Personal information
- Full name: Michael Edward Lovelace Melluish
- Born: 13 June 1932 Westcliff-on-Sea, Essex, England
- Died: 8 February 2014 (aged 81) Bradford on Avon, Wiltshire, England
- Batting: Right-handed
- Role: Wicketkeeper

Career statistics
| Competition | First-class |
| Matches | 49 |
| Runs scored | 524 |
| Batting average | 10.48 |
| 100s/50s | 0/0 |
| Top score | 36 |
| Catches/stumpings | 80/35 |
- Source: Cricinfo, 9 February 2014

= Mike Melluish =

English cricketer and cricket administrator

Michael Edward Lovelace Melluish (13 June 1932 – 8 February 2014) was a first-class cricketer and cricket administrator in England.

Mike Melluish was born in Westcliff-on-Sea, Essex, and educated at Rossall School in Lancashire. He captained the school team in 1951, his final year, setting a school record of 913 runs in the season, at an average of 70.23, and he opened the batting and kept wicket for the Public Schools in their annual match against Combined Services at Lord's.

At Caius College, Cambridge, Melluish was a regular in the university side throughout his three years as a student from 1954 to 1956. He was secretary of the club in 1955 and captain in 1956. His batting declined (442 runs at 11.33 in 41 matches for Cambridge University, with a top score of 36) and by 1956 he was batting at number 10, but his wicket-keeping brought him 65 catches and 30 stumpings for the university, many of them off the leg-spin bowling of Gamini Goonesena.
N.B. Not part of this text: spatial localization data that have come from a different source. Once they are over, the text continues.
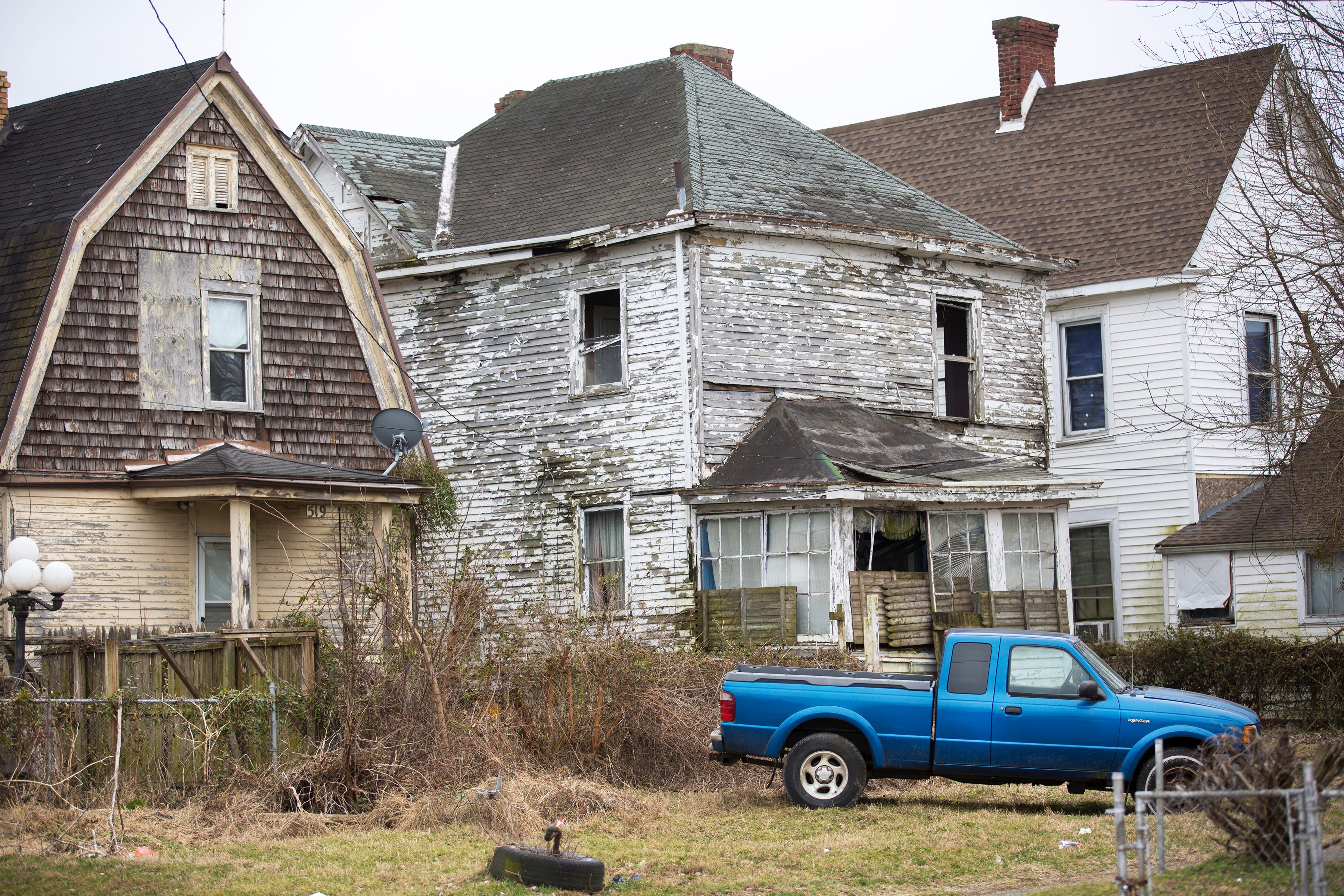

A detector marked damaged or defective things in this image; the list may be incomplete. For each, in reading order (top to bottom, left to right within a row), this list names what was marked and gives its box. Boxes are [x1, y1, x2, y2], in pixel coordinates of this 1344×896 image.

broken window opening [578, 287, 618, 387]
peeling white paint siding [693, 230, 1048, 462]
broken window opening [935, 305, 978, 421]
broken window opening [1242, 314, 1274, 427]
peeling white paint siding [379, 237, 693, 637]
broken window opening [578, 508, 618, 612]
broken window opening [855, 510, 930, 575]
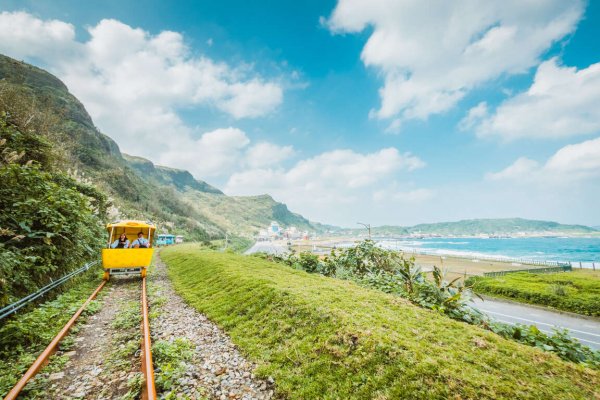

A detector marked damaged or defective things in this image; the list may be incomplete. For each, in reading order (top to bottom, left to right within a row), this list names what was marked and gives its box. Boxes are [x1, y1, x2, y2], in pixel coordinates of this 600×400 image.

rusty rail track [4, 276, 157, 398]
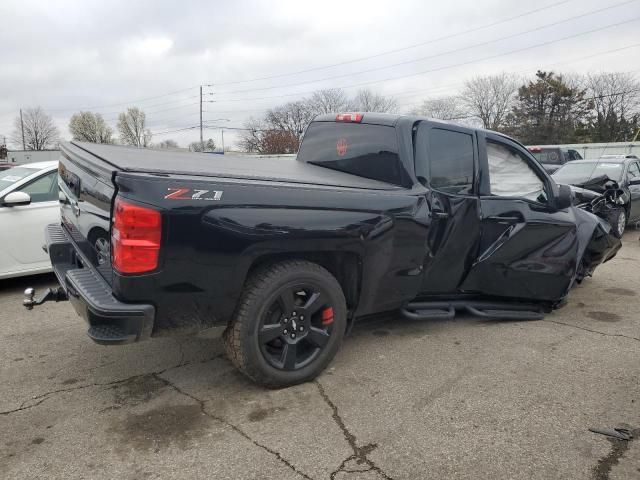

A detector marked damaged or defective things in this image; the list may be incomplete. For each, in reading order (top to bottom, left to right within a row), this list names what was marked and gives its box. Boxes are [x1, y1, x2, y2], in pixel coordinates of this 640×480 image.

damaged car in background [552, 156, 640, 238]
damaged black truck [23, 112, 620, 386]
damaged car in background [23, 114, 620, 388]
pavement crack [0, 352, 225, 416]
pavement crack [152, 372, 312, 480]
cracked pavement [1, 234, 640, 478]
pavement crack [316, 380, 396, 478]
pavement crack [544, 318, 636, 342]
pavement crack [592, 430, 636, 478]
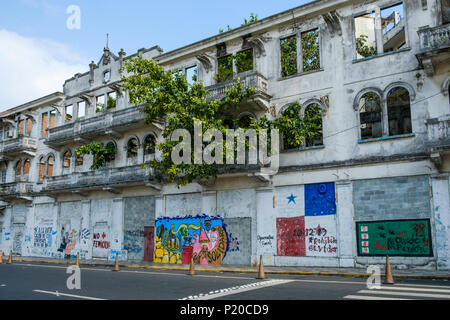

In 1956 Melluish played for the Gentlemen in both their matches against the Players, at Lord's and Scarborough. He played one County Championship match for Middlesex in 1957, and one first-class match for Marylebone Cricket Club (MCC), one more for the Gentlemen, and three for D.R. Jardine's XI. He played no first-class cricket after 1959. He captained MCC on a short tour to the Netherlands and Denmark in August 1963.

Melluish served as Treasurer and President of MCC. He was awarded an OBE in the 1999 Queen's Birthday honours for services to cricket. He was a Trustee of the MCC Foundation.